Why is BW such a good choice – in my opinion – to make HANA the heart of an EDW? Rather than answering this in a generic, philosophical and potentially non-tangible way I will give three instances that clearly underline that statement:
- BW has the most capable code generator (for queries) to leverage HANA’s calculation engine in the most efficient way. Even experts will struggle to emulate this by handcrafted code. The trick is to issue a graph of related calculation instructions whose dependencies are in the calculation semantics (of an OLAP query) and exposed to the calculation engine which, in turn, can leverage that knowledge to optimize the processing. “Hello World” style or simple, SQL-style queries won’t see a notable difference but queries with calculations beyond a single row (YTD, hierchies, currentmember, normalizations to group totals, group-specific aggregations, …) will and these are neither esoteric nor rare but mainstream.
- Changes in BW are creating the right context that allow HANA to process load operations in a way that translate into overall accelerations of factor 3 (on average) for process chains.Instances are translating single row to mass data operations or the HANA optimized versions of infocubes and DSOs. In fact, I’ve seen customer measurements that indicate that many process chains only yield equal performance (compared to classic DBMSs) but improve significantly by using the HANA optimized infocubes and DSOs.
- In autumn, both, BW and HANA, are planned to ship a mechanism to distinguish between hot (= permanently used / queried), warm (= sporadically, e.g. in nightly batch processes) and cool (= rarely used, e.g. old requests in PSA) data. This is will translate into a significantly better usage of HANA’s memory, similarly as if the data compression algorithms were to yield higher compression rates. As the roles and semantics of tables in BW are well known they can be easily classified by a default configuration which means that a BW-on-HANA system will use HANA by default more effciently than an operational data mart where such settings can also be done but need to be set and derived manually.

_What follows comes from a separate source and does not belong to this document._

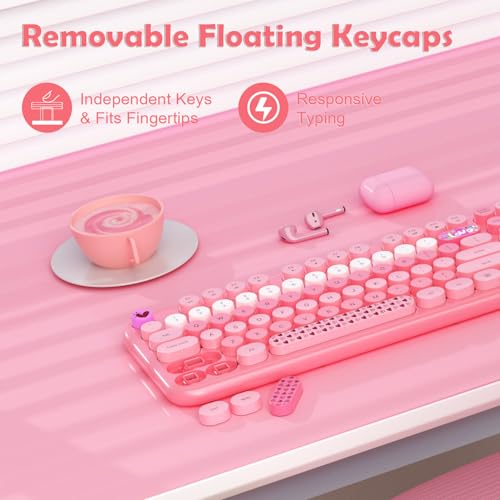 Image of Wireless Keyboard and Mouse,MOFII 104 Round Keys Lovely Full-Size Cute Colorful Keyboard and Mouse with Retro Typewriter for PC /Mac /Laptop /Tablet /Computer /Windows Pink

This list can certainly be extended. It is meant to provide a non-marketing, down-to-earth flavour of what you gain with BW beyond the usual services. It is not surprising that some customers have lauded it the most genuine application on and for HANA that SAP provides.
The original post of this blog can be found here.
I'm still struggling to undersand why SAP-HANA wouldn't replace BW. Here is why:
As we all know the term Business/Data Warehouse came from traditional Warehouses used to store manufactured goods of a factory. And large trucks are used to move them to the consumers' locations. The trucks' speed is limited. So factories try to develop methods/algorithms/procedures to reduce the moving cost and at the same time trying to reduce the time lag between the time of manufacture and when it would become available to the consumer. One way they do this by storing in the warehouses temporarily and performing mass-shipping.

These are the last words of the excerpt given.